Figure 2. FFAR2 deficiency disrupted neutrophil homeostasis in colonic lamina propria

(A) The Apc^Min/+ and Apc^Min/+-FFAR2^−/− mice were treated with 5% DSS overnight and were euthanized 6 weeks after the DSS treatment. (B) Percentages of colonic LP neutrophils and cytokines were measured by flow cytometry (Apc^Min/+: n=16, Apc^Min/+-FFAR2^−/−: n=6). (C) Two weeks after the DSS treatment, Apc^Min/+-FFAR2^−/− mice were given anti-GR-1 antibodies (GR-1 Ab) once per week for 4 weeks. (D) Depletion of neutrophils by GR-1 Ab suppressed colon lesions in the Apc^Min/+-FFAR2^−/−/DSS mice (Ctrl: n=15, GR-1 Ab: n=5). (E) The wild-type (WT) and FFAR2^−/− mice were treated with one dose of AOM (15mg/kg body weight, i.p.) followed by 5% DSS overnight, and were euthanized 6 weeks after the DSS treatment. (F) Percentages of colonic LP neutrophils and cytokines were measured by flow cytometry (WT: n=7, FFAR2^−/−: n=4). * p <0.05.

Figure 3. FFAR2 deficiency changed histone modification on inflammation regulators

(A) The Apc^Min/+ and Apc^Min/+-FFAR2^−/− mice were treated with 5% DSS overnight and were euthanized 6 weeks after the DSS treatment.
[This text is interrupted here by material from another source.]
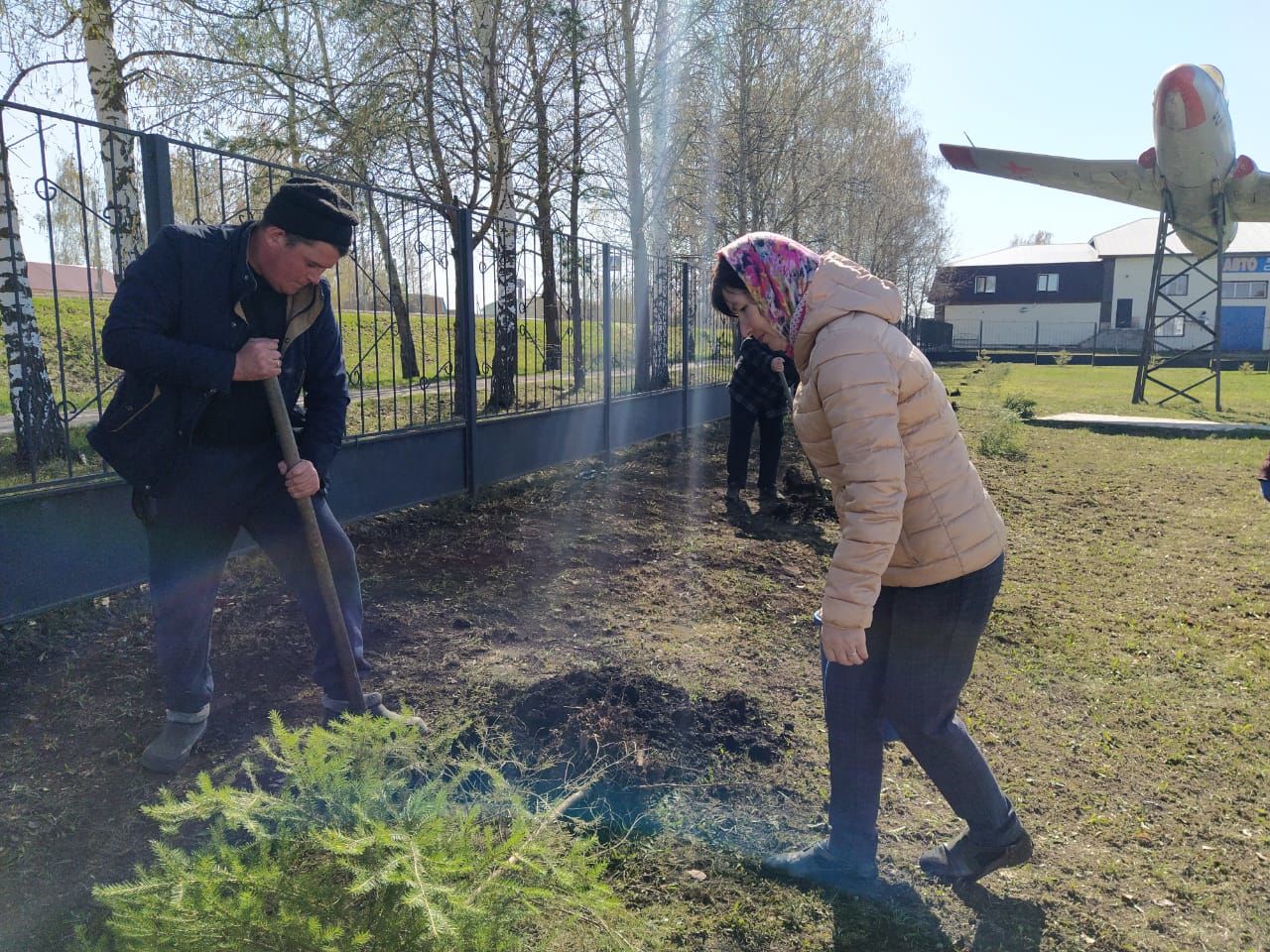 В парке имени Петра Дементьева в Дрожжаном посадили 77 елей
ChIP-qPCR analysis of H3K27me3 (B) and H3K4me3 (C) on the promoter regions of inflammation suppressors (triple technique repeats were shown), and mRNA expression of those genes (D) from colonic LP of the Apc^Min/+/DSS and Apc^Min/+-FFAR2^−/−/DSS mice. (E) The wild-type (WT) and FFAR2^−/− mice were treated with one dose of AOM (15mg/kg body weight, i.p.) followed by 5% DSS overnight, and were euthanized 6 weeks after the DSS treatment. ChIP-qPCR analysis of H3K27me3 (F) and H3K4me3 (G) on the promoter regions of inflammation suppressors (triple technique repeats were shown), and mRNA expression of those genes (H) from colonic LP of the AOM/DSS-treated WT and FFAR2^−/− mice (n=3). * p <0.05.
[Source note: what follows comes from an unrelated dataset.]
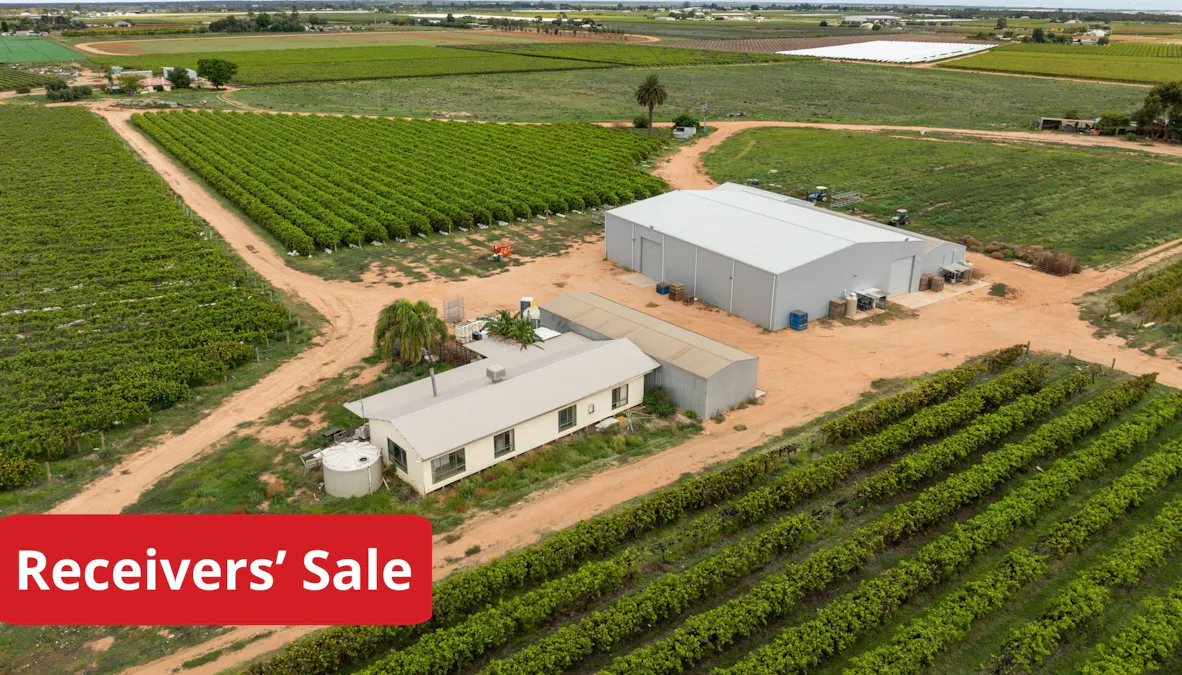 117 Sixth Street, Merbein, VIC, 3505 - Image 1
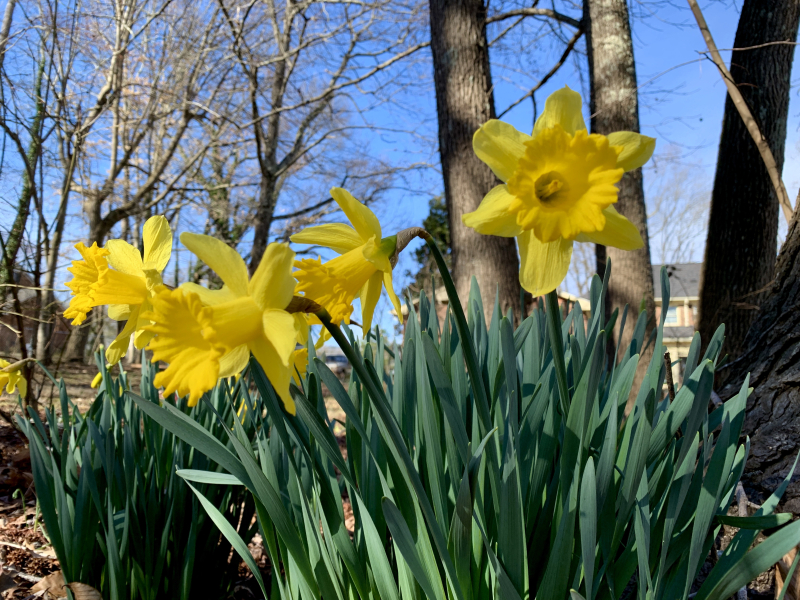 Spring Is Almost Here, Greensboro!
Figure 4. FFAR2 was required for butyrate to function in colonic epithelium and colonic LP

(A) The wild-type (WT) and FFAR2^−/− mice were treated with one dose of AOM (15 mg/kg body weight, i.p.) followed by 5% DSS overnight, and were euthanized two weeks after the DSS treatment. Colonic epithelium and LP were isolated from these mice and cultured with or without 5 mM butyrate for 16 hr. mRNA expression of hdac2, sox17, and socs1 and promoter DNA methylation of sox17 and socs1 in colonic epithelium (B) and colonic LP (C) (WT: n=6, FFAR2^−/−: n=6). (D) Percentage of neutrophils and IL-1β levels in colonic LP were measured by flow cytometry (WT: n=7–8, FFAR2^−/−: n=4). * p <0.05.
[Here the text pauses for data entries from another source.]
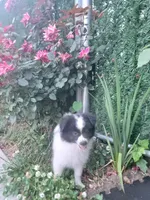 Oreo, a male Pomeranian for sale in Staten Island, NY – 7 of 10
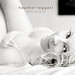 Dawn Robison Photo 8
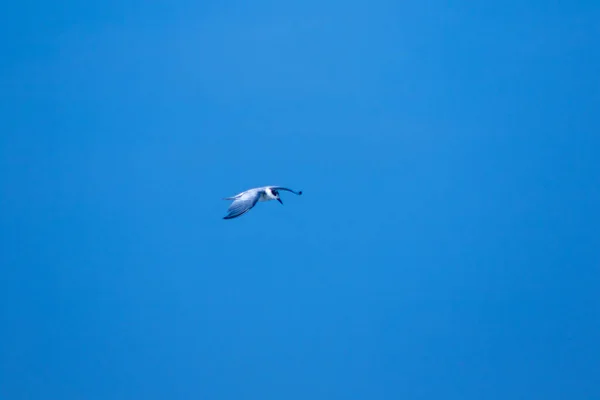 Little Tern Flying Little Tern Small Seabird Scientific Name Sternula — ストック写真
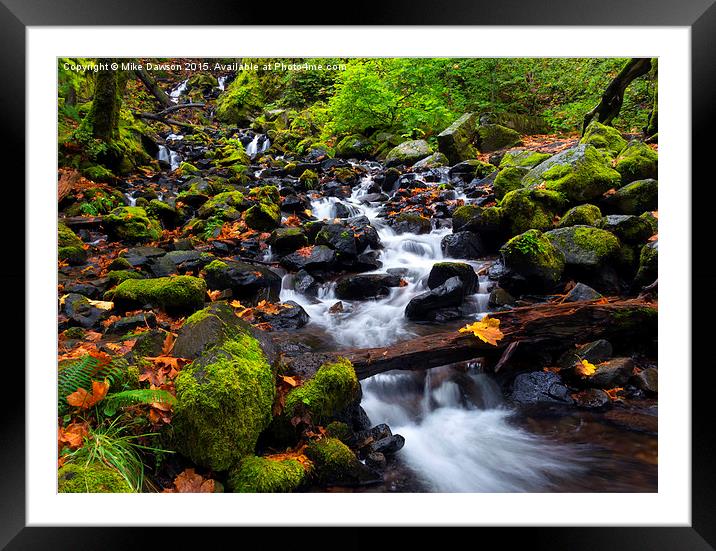 Balance  of Autumn Framed Mounted Print by Mike Dawson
Figure 5. Loss of FFAR2 epigenetically promotes colon cancer

SCFAs bind to and activate FFAR2, which inhibits its downstream cAMP–PKA–CREB–HDAC pathway. SCFAs also can be transported across cell membrane to inhibit HDAC activities. Loss of FFAR2 results in enhanced cAMP–PKA–CREB pathway and overexpressed HDAC. The expression levels of inflammation suppressors, such as sfrp1, dkk3, and socs1, were decreased, which promote the progression of colon carcinogenesis. However, absorption-mediated HDAC inhibition by SCFAs could still occur in FFAR2-deficient cells.